On the song "Night," from Sean Rowe's forthcoming ANTI- debut, Magic, the singer turns his rich, unnerving baritone to a moment of childhood innocence.
Back then, he muses, you could fall "like a floating leaf," and the earth would "look up at you and smile." Rowe's deep, magical voice is nothing if not wise and experienced; he knows full well that after the innocence comes the fall.
This ability to conjure dueling emotions - the elation of childhood versus the bruising of real life - marks the arrival of a skilled lyricist and songwriter. "Night," a conversation between an ailing father and son, and "Wet," written from the perspective of a boy watching his mother go through hell, wrap tales of troubled childhoods in the deep protective warmth of Rowe's voice.
The voice and plaintive melodies comfort the listener, just as Rowe himself sought comfort in two constants throughout his nomadic, latch-key boyhood: nature and music. "It didn't really matter what I was listening to," he says, "I would just listen to whatever I could find around the house, whether it was the Beach Boys or REO Speedwagon." Getting lost in music was his survival instinct, a sort of "meditation," as Rowe refers to it.
In the kitchen, his mother would have to fight the melodies in his head for attention.
"I'd just be in the corner, humming, making up songs," he says, adding with a laugh, "I was a weird kid." But his mother was used to a house full of melody.
"Everyone on my mother's side of the family played or sang, mostly big band era, the classics, but folk, too," he says.
"And my uncle was always giving me harmonicas, which I would sell for candy." For Rowe, an avid naturalist, his love for the wilderness dates back as far as he can remember--back to when he first fixated on the Native American images on his bed sheets as a little boy.
He fed this fascination with trips to natural history museums with his aunt.
"I would just go get lost in there," he remembers.
"I studied everything about Native American life and customs that I could." These days, Rowe communes with nature on 30-day wilderness treks, for which he takes along nothing but a knife and the clothes on his back.
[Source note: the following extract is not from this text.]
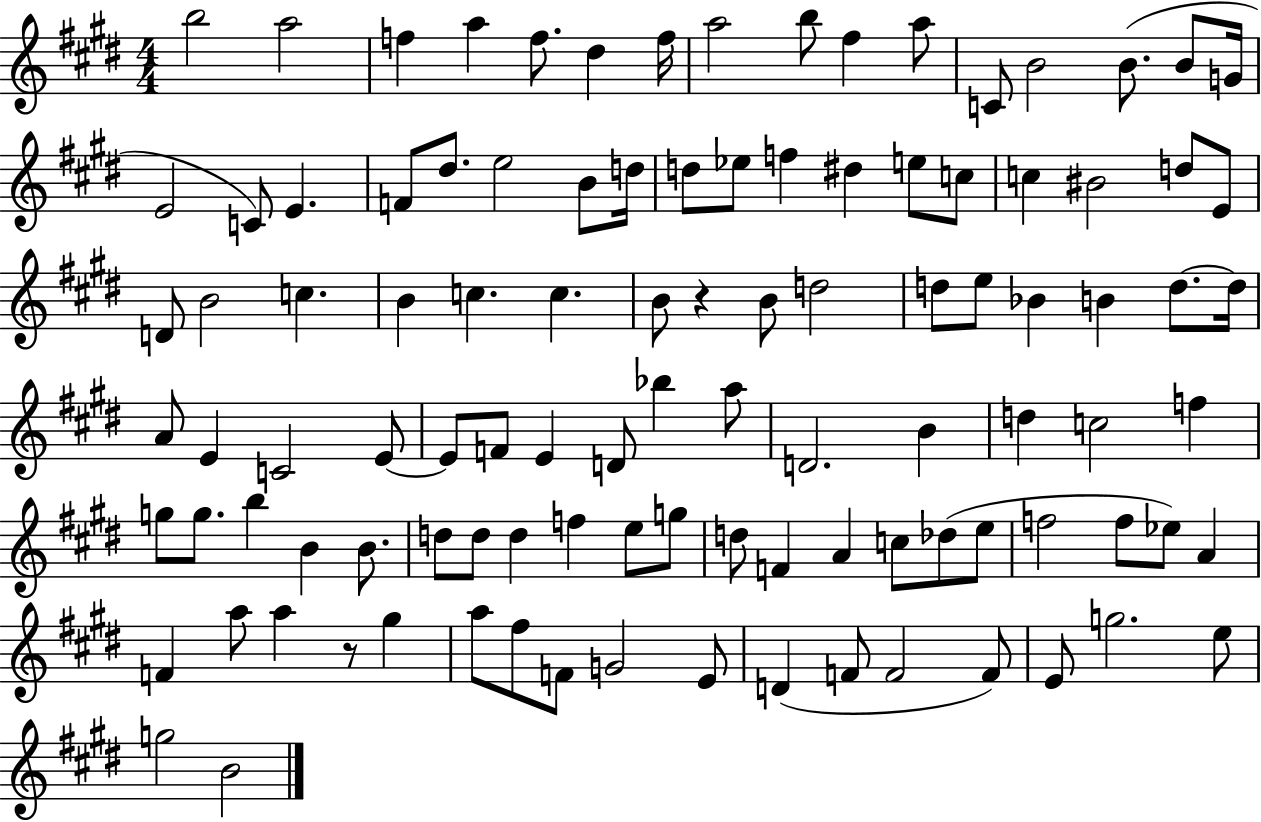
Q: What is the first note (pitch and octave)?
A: B5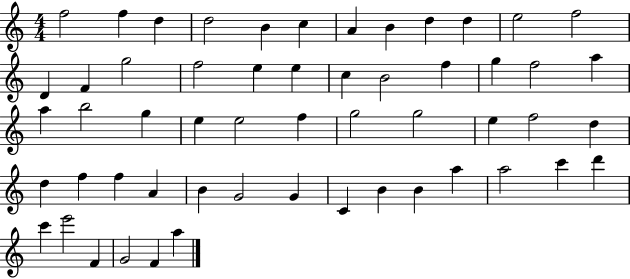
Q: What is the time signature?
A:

"I feel sorry for people who are afraid of nature," he says. Magic was recorded in the small upstate town of Troy, New York, in a studio above the space where Sean's grandfather once ran an Italian restaurant.
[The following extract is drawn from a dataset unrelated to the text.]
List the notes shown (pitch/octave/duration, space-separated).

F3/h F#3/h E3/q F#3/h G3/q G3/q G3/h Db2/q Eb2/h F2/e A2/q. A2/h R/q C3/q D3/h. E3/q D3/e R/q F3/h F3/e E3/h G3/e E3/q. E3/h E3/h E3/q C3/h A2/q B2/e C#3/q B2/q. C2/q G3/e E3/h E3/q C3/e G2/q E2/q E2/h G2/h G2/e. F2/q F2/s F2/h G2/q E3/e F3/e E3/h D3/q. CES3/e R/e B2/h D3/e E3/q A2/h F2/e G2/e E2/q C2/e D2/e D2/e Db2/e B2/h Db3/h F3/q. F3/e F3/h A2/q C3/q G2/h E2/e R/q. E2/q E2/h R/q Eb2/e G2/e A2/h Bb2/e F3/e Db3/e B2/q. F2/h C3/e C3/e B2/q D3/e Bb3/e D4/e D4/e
The recording process, as he describes it, was intimate and incredibly specific.
Brushes of fingertips on strings, hushed breaths, even the darkness of the studio seeps its way into the record, enhancing its live, trembling feel.
"I wanted to create an abyss, something to take you far away, a dark but familiar space for people to get lost in," he explains. Rowe's honest and haunting songwriting have already earned comparisons to Van Morrison's Astral Weeks phase, for his abstract lyric phrasing, and the way he crafts an experience of emotion, rather than telling a linear tale.
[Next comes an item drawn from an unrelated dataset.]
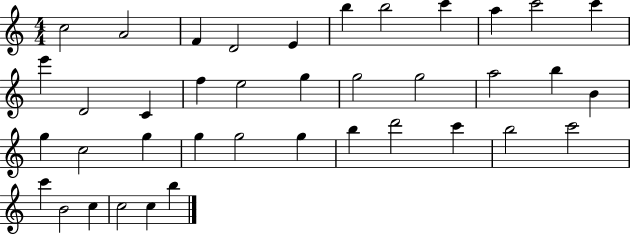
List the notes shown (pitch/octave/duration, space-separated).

C5/h A4/h F4/q D4/h E4/q B5/q B5/h C6/q A5/q C6/h C6/q E6/q D4/h C4/q F5/q E5/h G5/q G5/h G5/h A5/h B5/q B4/q G5/q C5/h G5/q G5/q G5/h G5/q B5/q D6/h C6/q B5/h C6/h C6/q B4/h C5/q C5/h C5/q B5/q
Most powerfully he brings to mind Leonard Cohen, with songwriting which tends to build into powerful, yet vulnerable, cathedral-like monuments of sound.
The song "American," with its yearning strings and earnest piano bring chills and a catch in your throat. Magic is Sean Rowe's homage to what he believes in, to what he finds magical in the world.
The themes of love, innocence, sex and nature prevail in its heartfelt, crafted songs.
On the ambient, deeply resonant closer "The Long Haul," Rowe's voice crackles with life.
"And I never hit the spring so hard/ a newborn song on an old guitar/ and I know what it means to be alive," he sings.
And like the most evocative, important works of art, Magic begs the question of its listener: What makes you feel alive?